Fire Relief Reading
February 25, 2025 3:00 AM — February 25, 2025 5:00 AM
:quality(75)/https%3A%2F%2Fassets.lareviewofbooks.org%2Fuploads%2FUntitled%20design%20(1).png)
Join LARB at Zebulon on February 24 at 7 p.m. for a Fire Relief Benefit in support of the Pasadena Community Job Center.
Los Angeles is a different city than it was six weeks ago. In early January 2025, wildfires swept across our beloved city, displacing many members of our community and destroying homes, businesses, schools, parks, libraries, and so much more. Rebuilding is going to take a collective effort, and it will require sustained attention and resource direction towards those most affected.
In that spirit, on Monday, February 24 at 7 p.m., LARB is hosting a Fire Relief Reading in support of the Pasadena Community Job Center, an organization whose immediate response made them a community hub during the fires and whose consistent, continued support keeps them on frontlines of the wildfire response.
The event will feature readings from Rosecrans Baldwin, Joshuah Bearman, Maya Binyam, Sesshu Foster, Brittany Menjivar, Christina Catherine Martinez, and more. Inspired in part by Sesshu Foster's experience volunteering at the Pasadena Community Job Center in the immediate wake of the fires for LARB, written about here for LARB, all proceeds will benefit the work they do. Learn more about the Pasadena Community Job Center’s work here.
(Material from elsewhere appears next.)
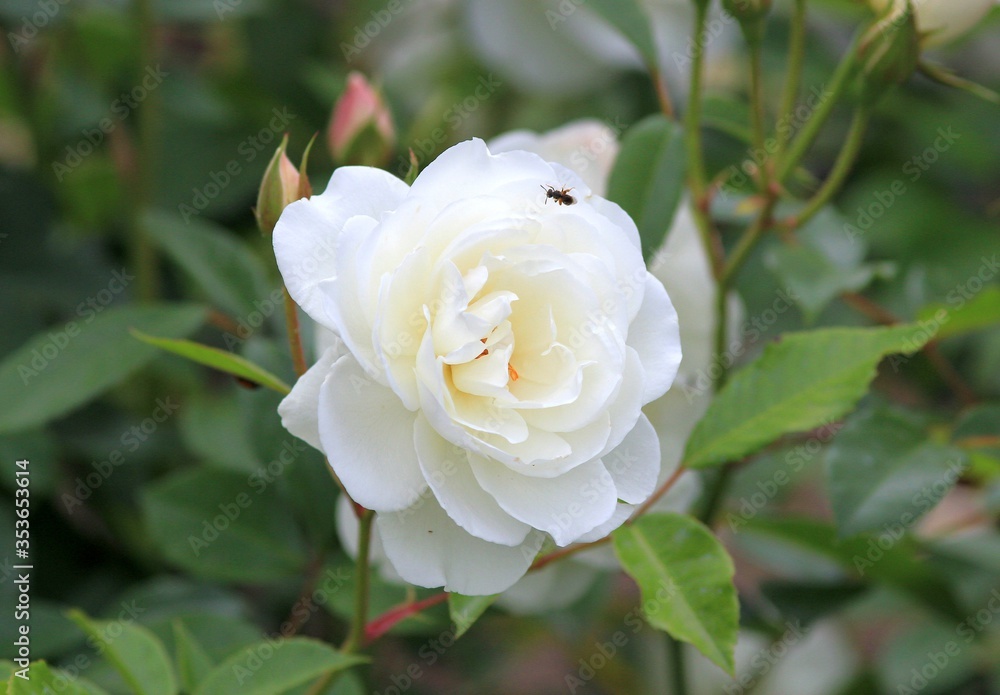 White roses in the garden White roses in the garden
Finally, access LARB’s abbreviated resource list for artists and literary workers, including writers, here. The page also features pieces from LARB’s archive about our inimitable city.
____________________
Rosecrans Baldwin is the bestselling author of Everything Now, winner of the California Book Award. Other books include The Last Kid Left and Paris, I Love You but You’re Bringing Me Down. His debut novel, You Lost Me There, was a New York Times Book Review Editors’ Choice.
Joshuah Bearman is a non-fiction writer and film and TV producer in Los Angeles. He has written for Harper’s, Rolling Stone, Wired, GQ, McSweeney’s, The Believer, and is a contributor to This American Life. Several of his stories have been adapted for film and TV, including Argo, Little America, and The Big Cigar. He co-founded Epic Magazine, a narrative non-fiction publisher and production company. He has owed a book to Farrar, Strauss & Giroux for a very long time. It is partly about growing up in Altadena.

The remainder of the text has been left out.